[Records supplied]
○ ○ ○ ○
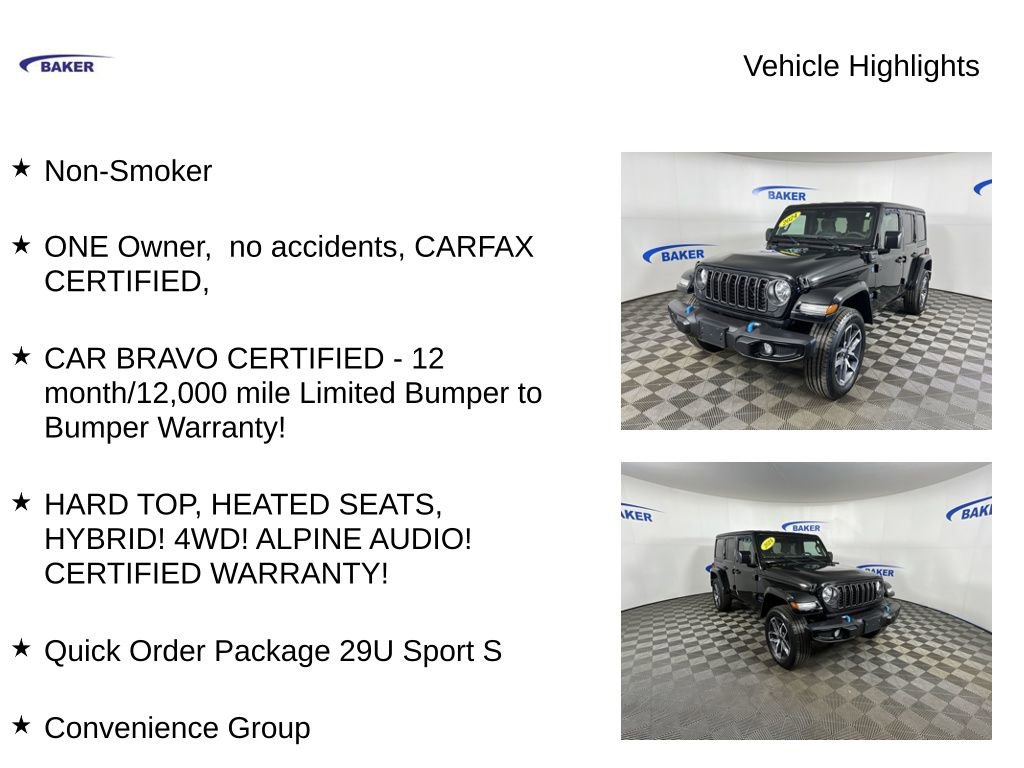 Used 2024 Jeep Wrangler Sport S 4xe w/ Convenience Group image 4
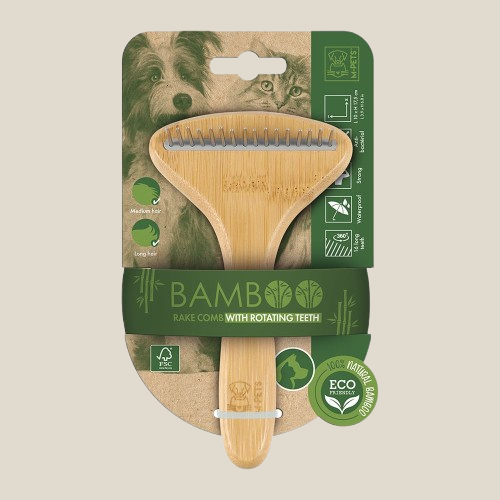 M-PETS Bamboo Rake Comb 16 teeth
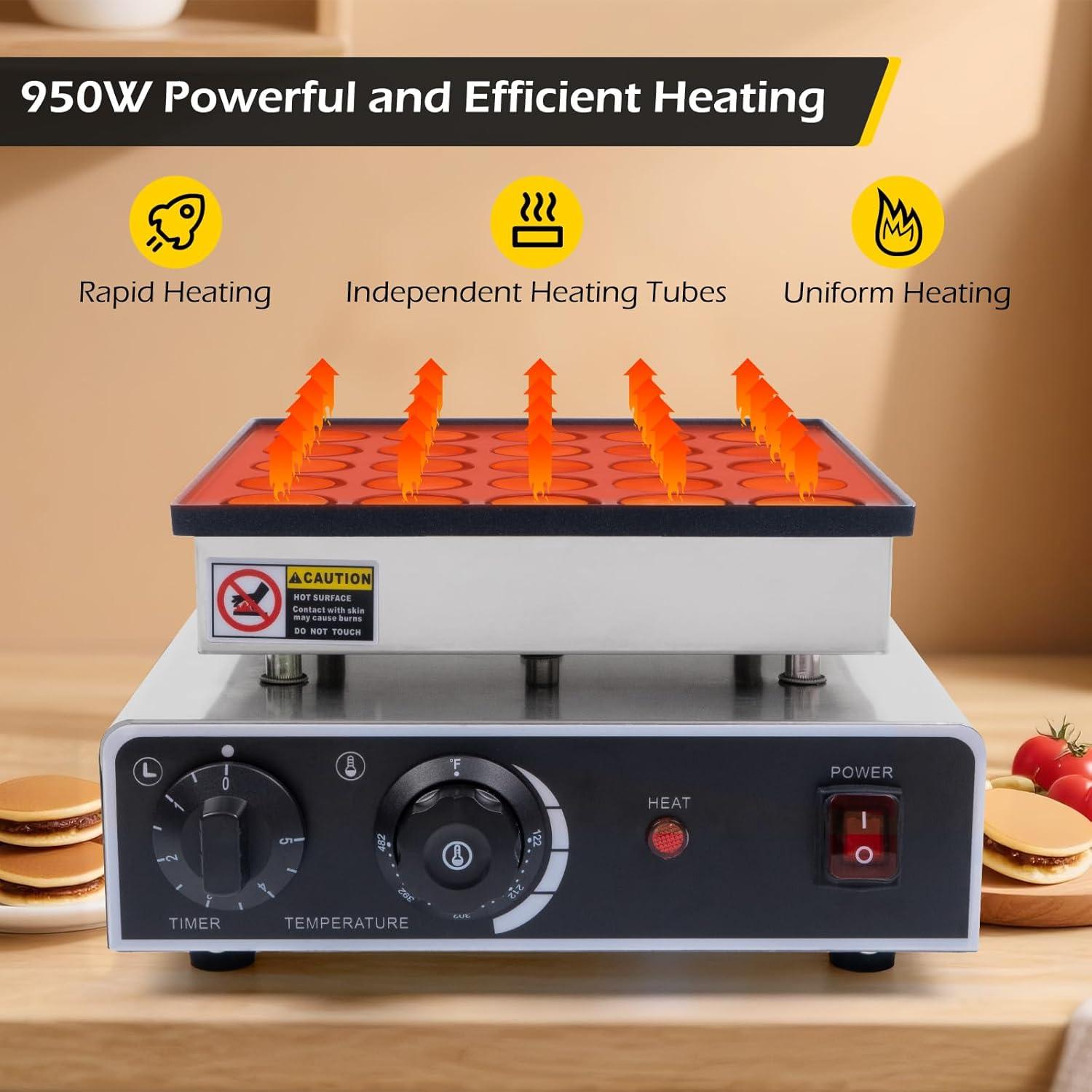 Fabricante de Pancakes Mini Dyna-Living 950W 25PCS Antiadherente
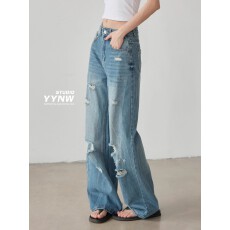批发美式破洞<b class='q'>牛仔裤</b>女高腰潮流学生秋日外穿梨形身材宽松显瘦阔腿裤子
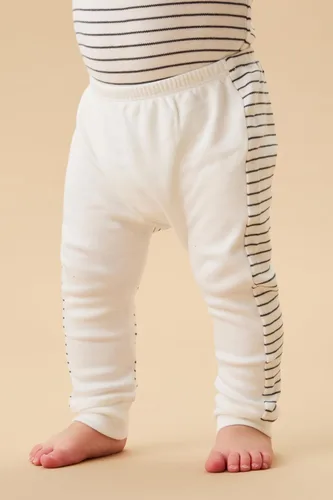 Vista 5 de MORI Pantalones de yoga estilo harén para bebé en rayas grises y blancas, pantalones unisex con diseño de dos tonos y bolsillo trasero, recién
○ ○ ○ ○
[What is being asked] Beginning with the line that has "M-PETS Bamboo Rake Comb 16 teeth", repeat each remaining line of the data above word for word, keeping pictures out.

[Written answer]
 M-PETS Bamboo Rake Comb 16 teeth
 Fabricante de Pancakes Mini Dyna-Living 950W 25PCS Antiadherente
批发美式破洞<b class='q'>牛仔裤</b>女高腰潮流学生秋日外穿梨形身材宽松显瘦阔腿裤子
 Vista 5 de MORI Pantalones de yoga estilo harén para bebé en rayas grises y blancas, pantalones unisex con diseño de dos tonos y bolsillo trasero, recién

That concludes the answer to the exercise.